◆ What you have to do: Within the records that follow, restate exactly the lines from the line with "2014-volvo-xc90-24td-es-small-2" down to the line with "Apartament de vânzare", including both. Omit the pictures.

(Caption-style text data)
====================

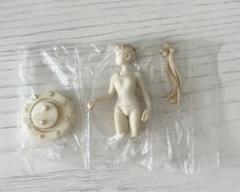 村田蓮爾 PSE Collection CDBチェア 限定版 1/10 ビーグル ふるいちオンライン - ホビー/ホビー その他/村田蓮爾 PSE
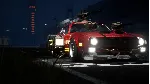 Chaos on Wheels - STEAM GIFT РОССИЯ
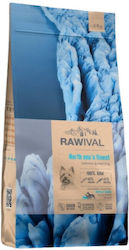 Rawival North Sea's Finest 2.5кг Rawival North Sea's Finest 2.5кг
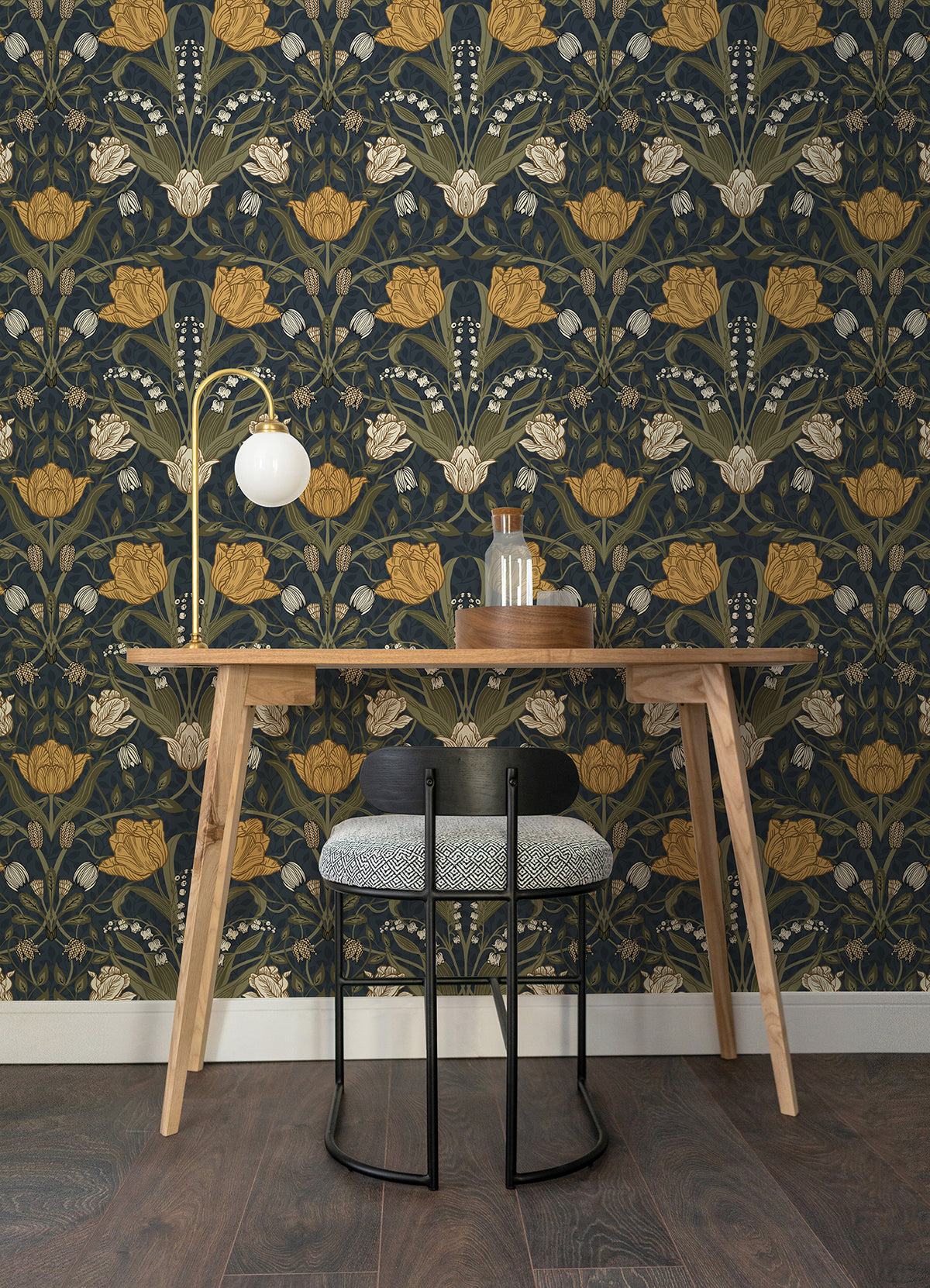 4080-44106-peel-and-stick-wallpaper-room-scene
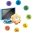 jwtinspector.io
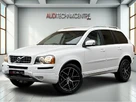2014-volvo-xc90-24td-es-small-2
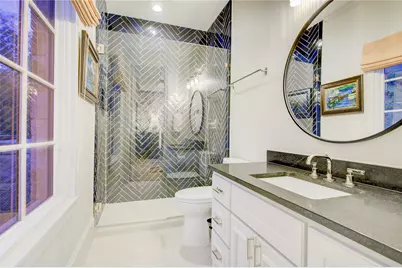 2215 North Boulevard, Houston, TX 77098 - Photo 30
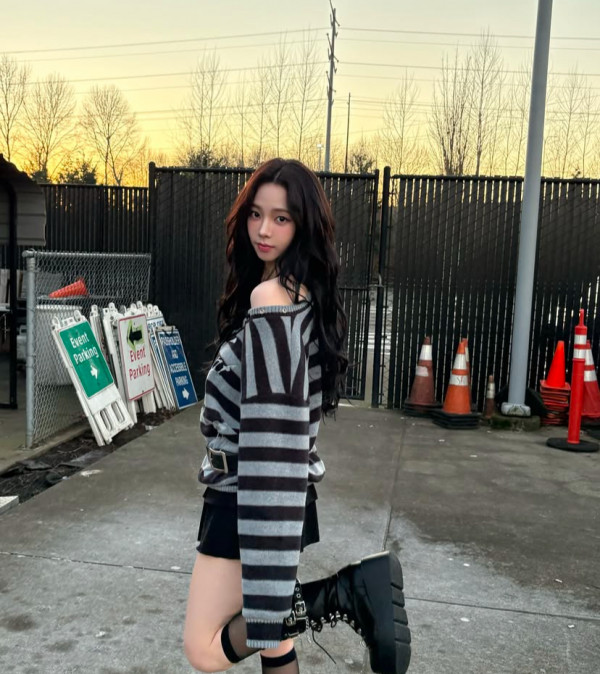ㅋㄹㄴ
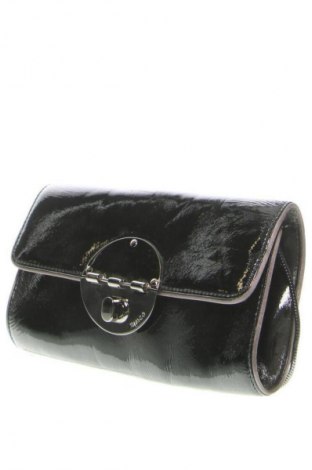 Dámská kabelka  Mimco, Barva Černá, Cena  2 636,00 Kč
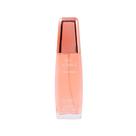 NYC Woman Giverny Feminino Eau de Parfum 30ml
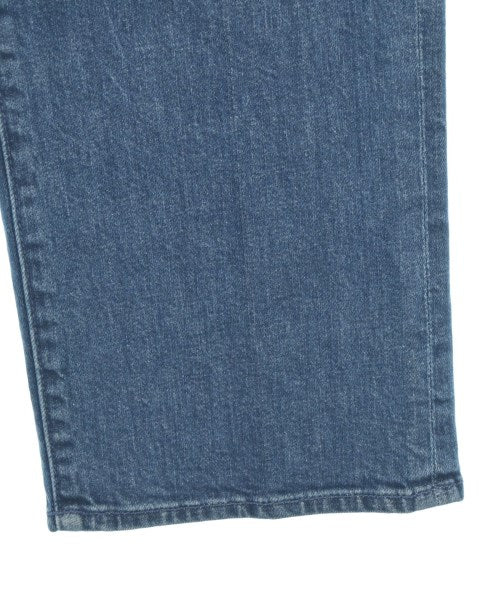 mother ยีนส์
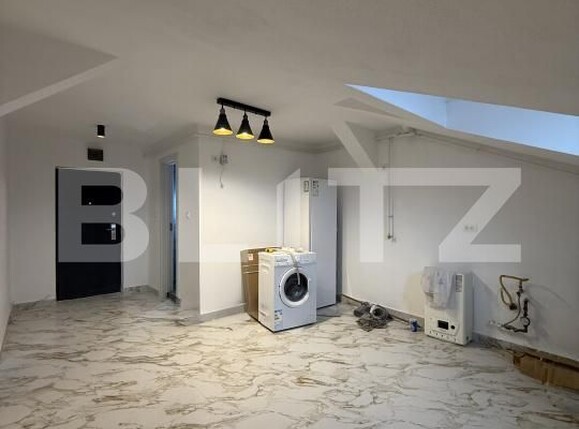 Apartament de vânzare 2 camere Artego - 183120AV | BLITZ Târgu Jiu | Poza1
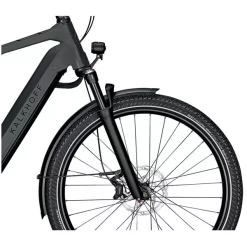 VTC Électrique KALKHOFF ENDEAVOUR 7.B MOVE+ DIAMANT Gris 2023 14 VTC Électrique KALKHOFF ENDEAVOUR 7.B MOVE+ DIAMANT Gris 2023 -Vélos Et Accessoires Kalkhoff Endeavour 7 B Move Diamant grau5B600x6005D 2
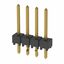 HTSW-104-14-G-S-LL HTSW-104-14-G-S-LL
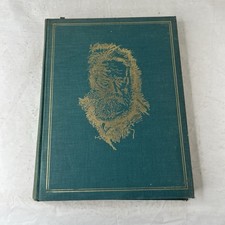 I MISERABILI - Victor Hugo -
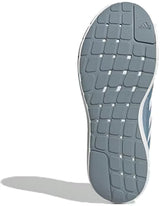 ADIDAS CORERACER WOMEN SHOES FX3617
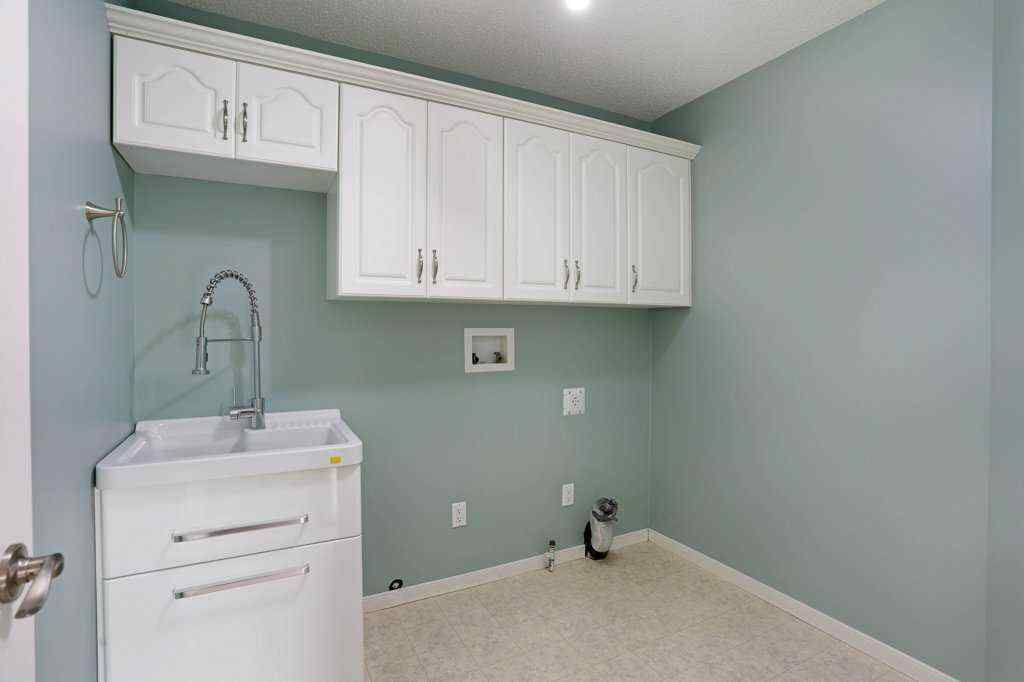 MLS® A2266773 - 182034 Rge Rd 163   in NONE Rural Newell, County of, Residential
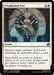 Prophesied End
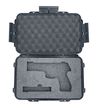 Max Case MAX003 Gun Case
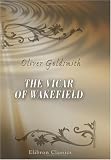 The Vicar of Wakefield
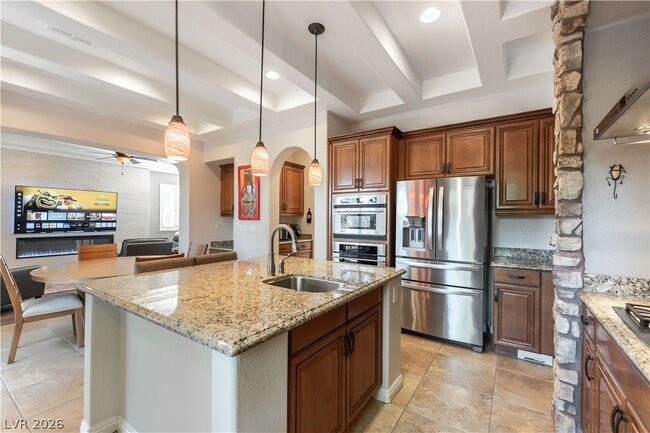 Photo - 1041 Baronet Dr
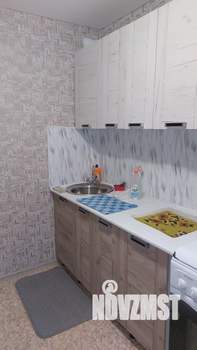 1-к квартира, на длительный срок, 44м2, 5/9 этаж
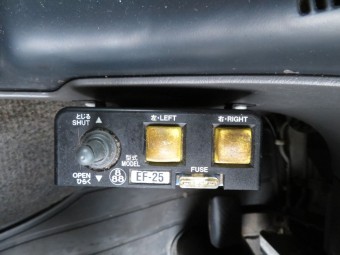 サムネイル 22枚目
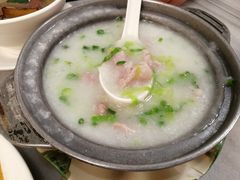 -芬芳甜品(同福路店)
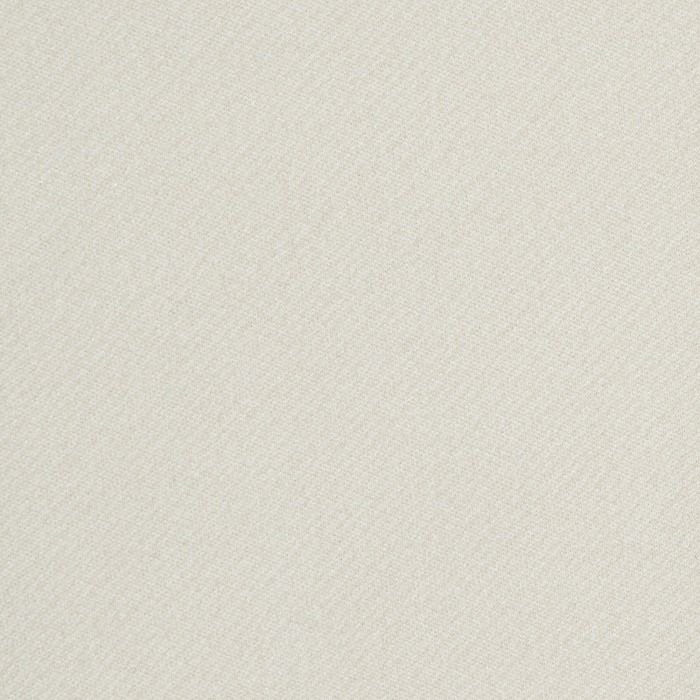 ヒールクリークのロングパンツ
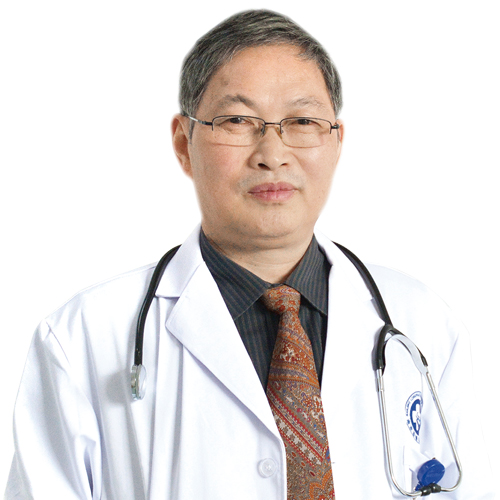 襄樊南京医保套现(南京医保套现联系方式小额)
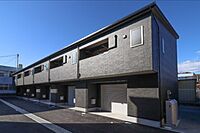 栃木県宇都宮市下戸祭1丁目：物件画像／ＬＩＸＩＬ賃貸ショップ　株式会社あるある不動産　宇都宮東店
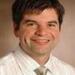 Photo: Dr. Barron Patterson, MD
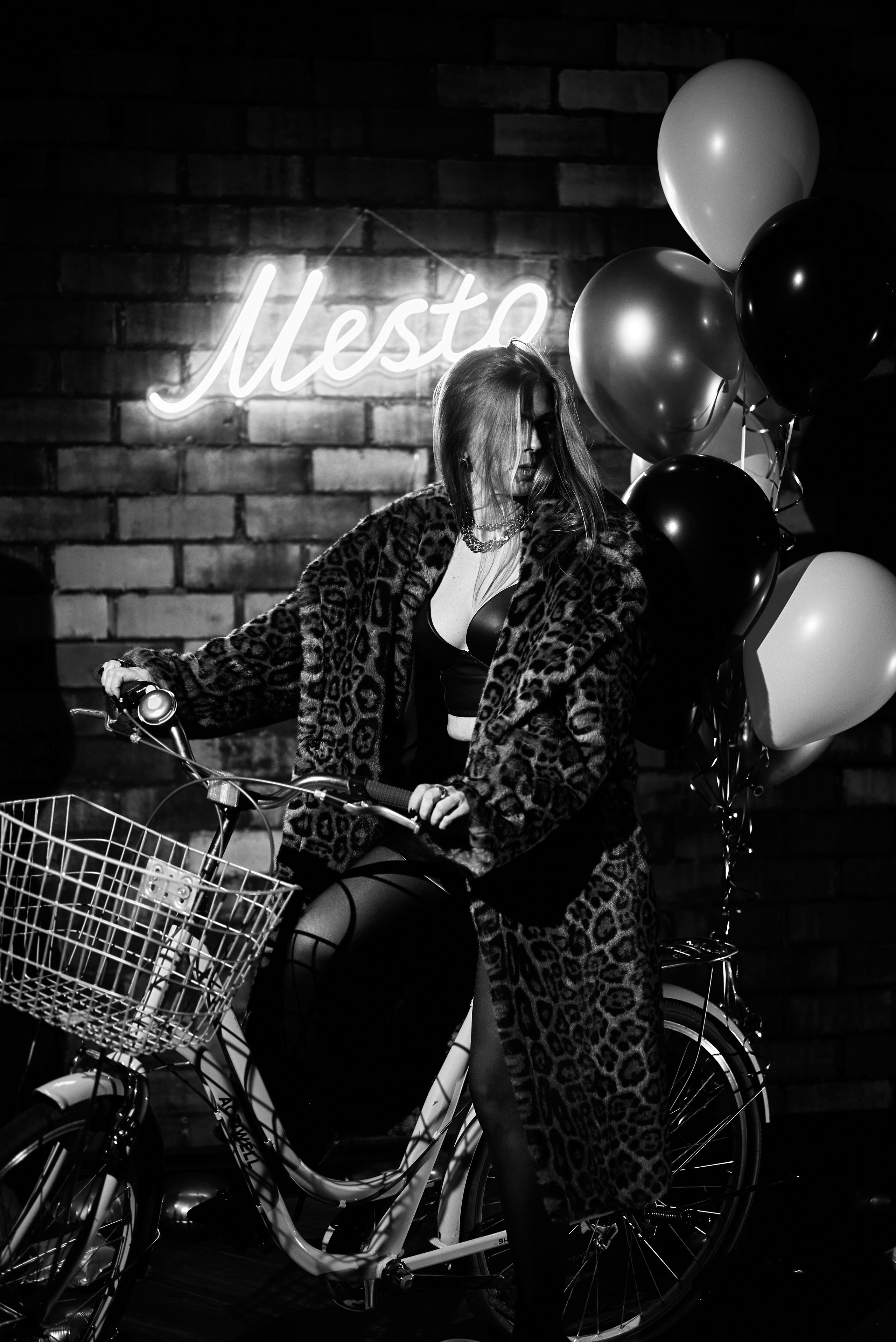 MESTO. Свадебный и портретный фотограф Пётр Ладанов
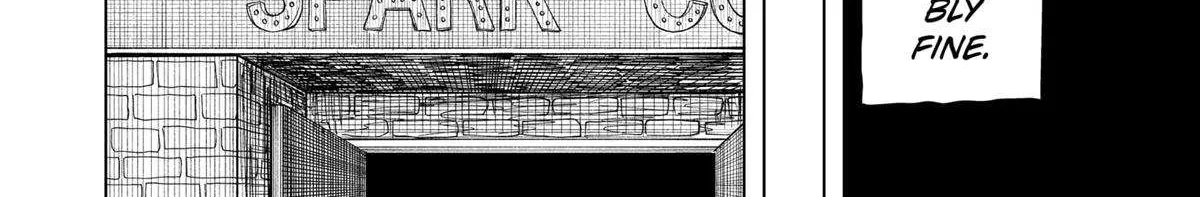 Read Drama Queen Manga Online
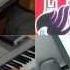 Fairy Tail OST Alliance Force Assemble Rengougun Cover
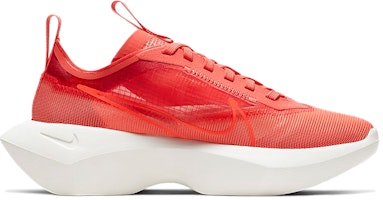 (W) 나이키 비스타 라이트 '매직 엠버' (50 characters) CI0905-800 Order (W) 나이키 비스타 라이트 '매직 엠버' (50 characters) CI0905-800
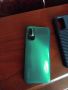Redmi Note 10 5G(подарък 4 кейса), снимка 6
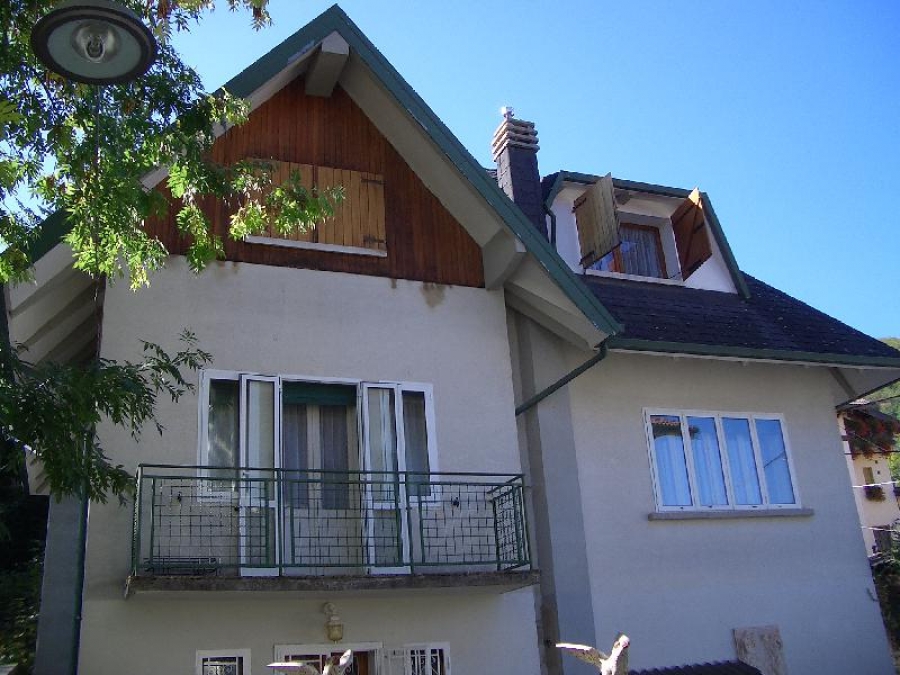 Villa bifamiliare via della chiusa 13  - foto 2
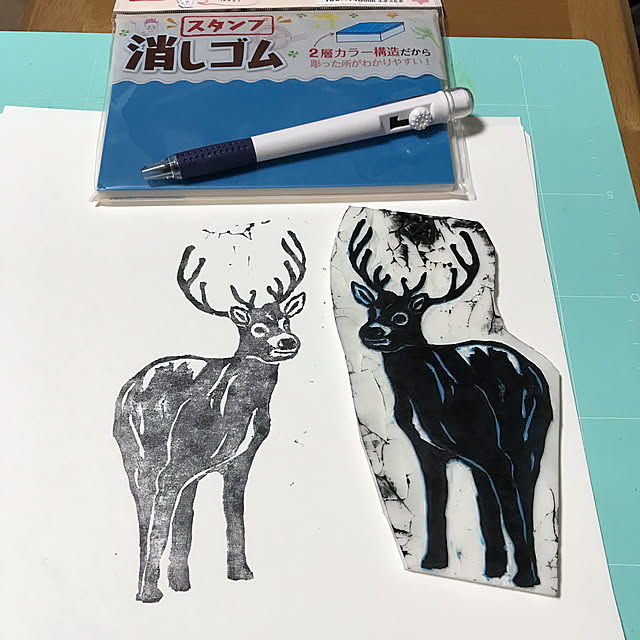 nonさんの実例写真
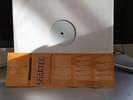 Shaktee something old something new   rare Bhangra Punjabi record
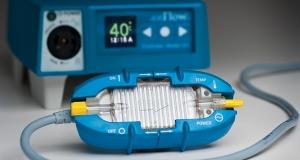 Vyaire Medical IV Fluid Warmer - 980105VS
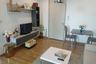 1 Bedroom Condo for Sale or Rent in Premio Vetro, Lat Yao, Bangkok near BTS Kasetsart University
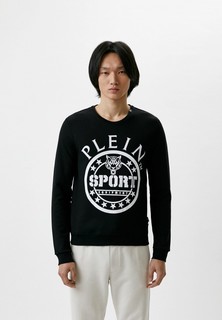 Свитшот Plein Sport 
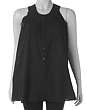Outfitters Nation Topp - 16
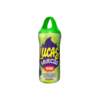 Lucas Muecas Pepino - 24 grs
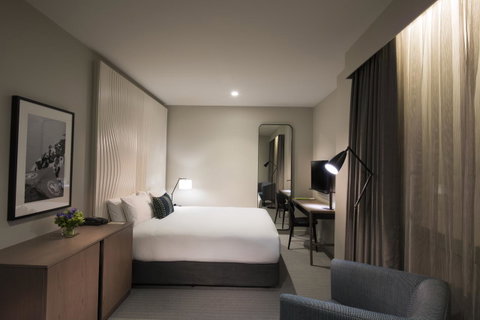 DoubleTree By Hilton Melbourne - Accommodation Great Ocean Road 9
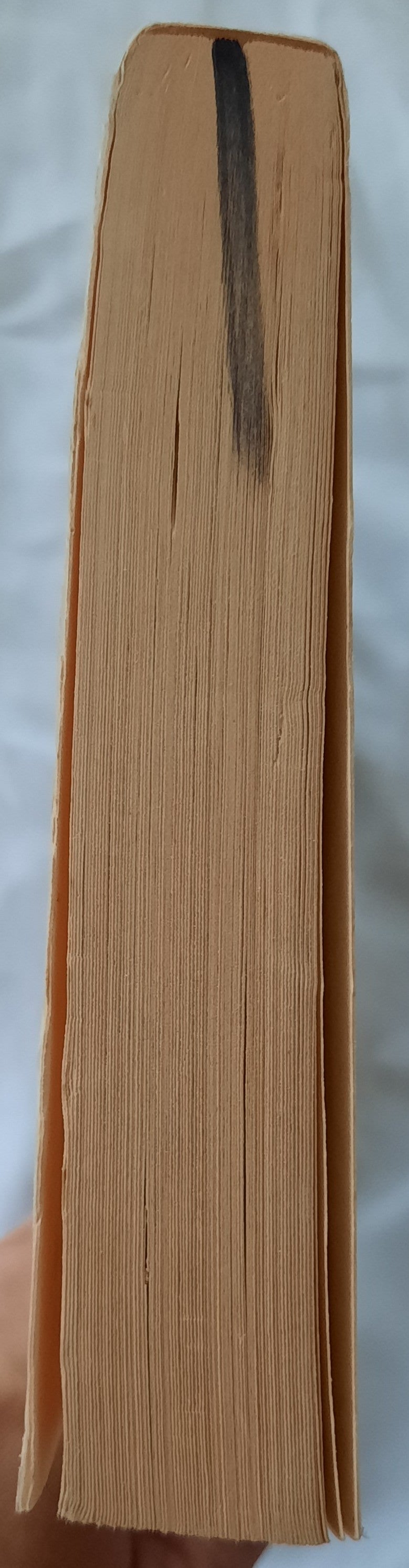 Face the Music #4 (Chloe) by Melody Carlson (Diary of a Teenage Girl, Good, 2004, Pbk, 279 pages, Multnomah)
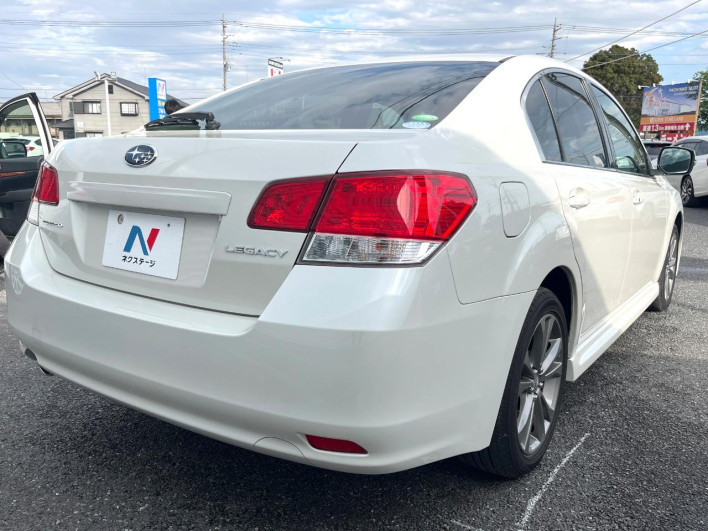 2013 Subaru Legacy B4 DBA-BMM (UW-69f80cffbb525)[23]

====================

◆ Worked solution:
2014-volvo-xc90-24td-es-small-2
 2215 North Boulevard, Houston, TX 77098 - Photo 30
ㅋㄹㄴ
 Dámská kabelka  Mimco, Barva Černá, Cena  2 636,00 Kč
 NYC Woman Giverny Feminino Eau de Parfum 30ml
 mother ยีนส์
 Apartament de vânzare 2 camere Artego - 183120AV | BLITZ Târgu Jiu | Poza1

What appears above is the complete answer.